A girl comes in at the same station I did. She looked every bit as crappy as I did. Carrying a suitcase bigger than herself, clambering up to the seat right in front of me, trying her hardest to stay awake (pretty much like I was doing). Probably feeling even worse than I was.
Then she pulls out her iPhone. Lo and behold, ladies and gentlemen, a transformation worthy of a Disney-fairy-godmother-moment takes place! She is revived! Smiles, poses, makes bunny ears with her fingers – the works.
And then, as fast as it had happened in the first place, puff. She is back to the tired young lady, with her phone back in her pocket, bobbing her head and drooling slightly in her half-asleep state. Girl, I understand. Instant gratification via “likes” was already tempting, now these “reaction” thingies are even harder to resist. It’s that, now, people can “love” you. And we are one love-needing generation. Or at least, we just admit to that fact more easily than our ancestors.
(And no, I’m not about to wax poetic on the problems and flaws of this generation – I’d rather be part of an emotionally needy generation than of a generation who believed in the positive effects of bullying in schools, that women should be groped and not heard, and that lgbtq’s and everyone not white was basically sub-human. Also, that capitalism was a valid and sustainable economic growth model.)
Ooooh, but it’s addictive, isn’t it? We feel validated, our opinions are no longer the solitary voices in our head. We made someone identify with us, understand us, share our point of view. Someone loves that pic, someone thinks our joke is funny at the point of laughing out loud, someone gets genuinely angry at some unfairness in the world.
Except that no, not really.

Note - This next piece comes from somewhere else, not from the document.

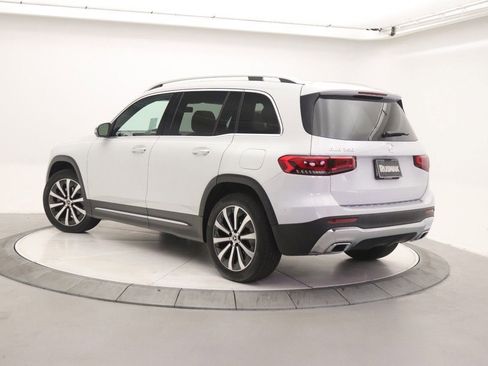 Certified 2022 Mercedes-Benz GLB 250 image 2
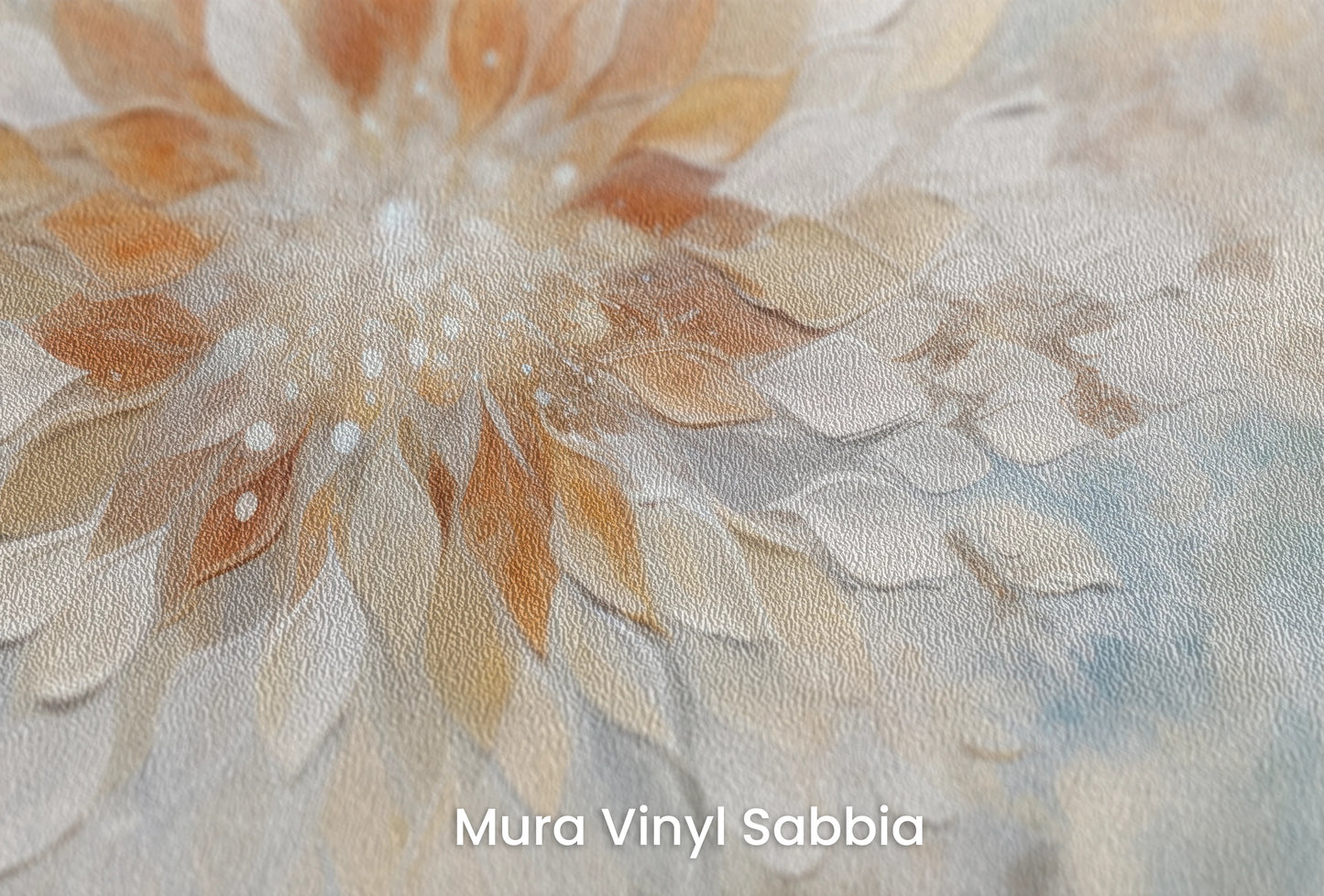 Zbliżenie na artystyczną fototapetę o nazwie Serene Lotus na podłożu Mura Vinyl Sabbia struktura grubego ziarna piasku.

We give these likes as a mere acknowledgement, we love pictures that we just think have the potential to be cute, we get angry at things that don’t actually relate to us, and that we have very little ability to feel about, despite our best efforts.
I once saw an interview to Amanda Palmer on Youtube, and there was this excerpt, about village people – how we, as human beings, are only mentally equipped to deal and empathize with the pain and suffering of a small group of people. Like our own little village.
I think that might be just it – we are not equipped to deal with all the feelings in the world, at all times. It’s good to be informed and to empathize with the suffering of the people who go through war and need our help – and it’s good and necessary to rationalize that empathy into action, it’s good to feel happy about a friend’s promotion, or at least feel a smile at the birth of a niece of a former school colleague – but please, don’t expect me to be plugged into it all the time, to feel everything with the intensity the reaction buttons suggest. I can’t feel for all of you, all the time. And to say otherwise would just be a lie.
I’ve done the “react to everything” routine, while it was still new, and the emoticons seemed all shiny and interesting, a whole new array of human emotions available for use.
Turns out they’re just limiting. If I don’t have the balls to simply state my opinion on something over a simple comment, then there is no point in just pretending that the wide range of human emotions can be summed down to 6 little buttons, just so that I can feel better about myself for having communicated today.